» TASK INSTRUCTIONS
Below is a listing; transcribe it exactly but without any images.

» PROVIDED DATA
• • • • •

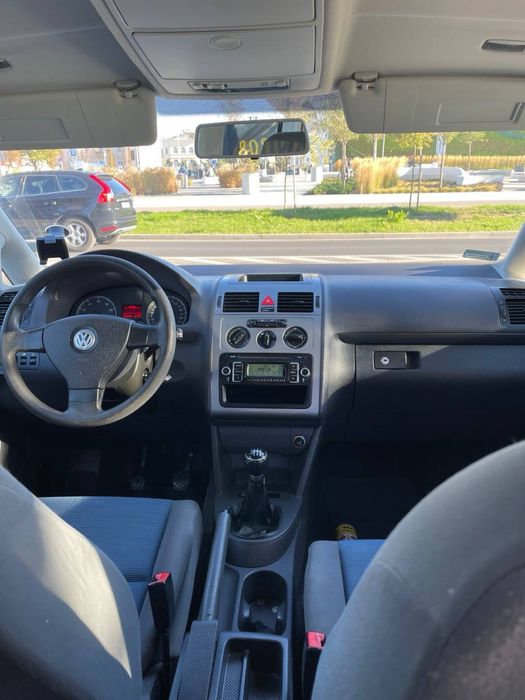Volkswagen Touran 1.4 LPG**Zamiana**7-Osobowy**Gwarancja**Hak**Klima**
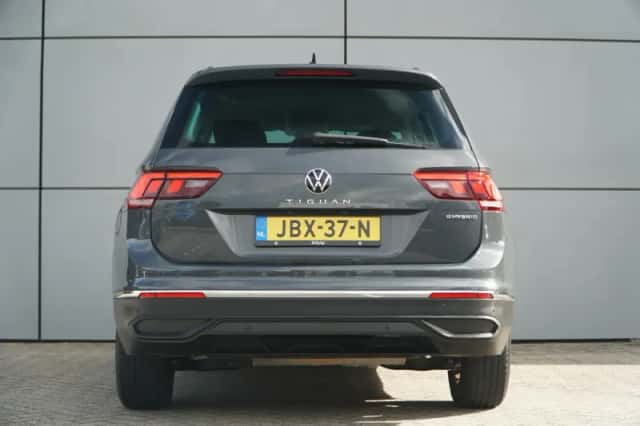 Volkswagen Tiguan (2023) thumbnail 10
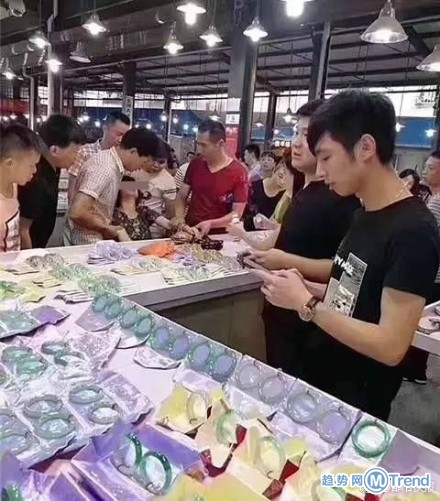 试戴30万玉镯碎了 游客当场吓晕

• • • • •

» OUTPUT OF THE TASK
Volkswagen Touran 1.4 LPG**Zamiana**7-Osobowy**Gwarancja**Hak**Klima**
 Volkswagen Tiguan (2023) thumbnail 10
 试戴30万玉镯碎了 游客当场吓晕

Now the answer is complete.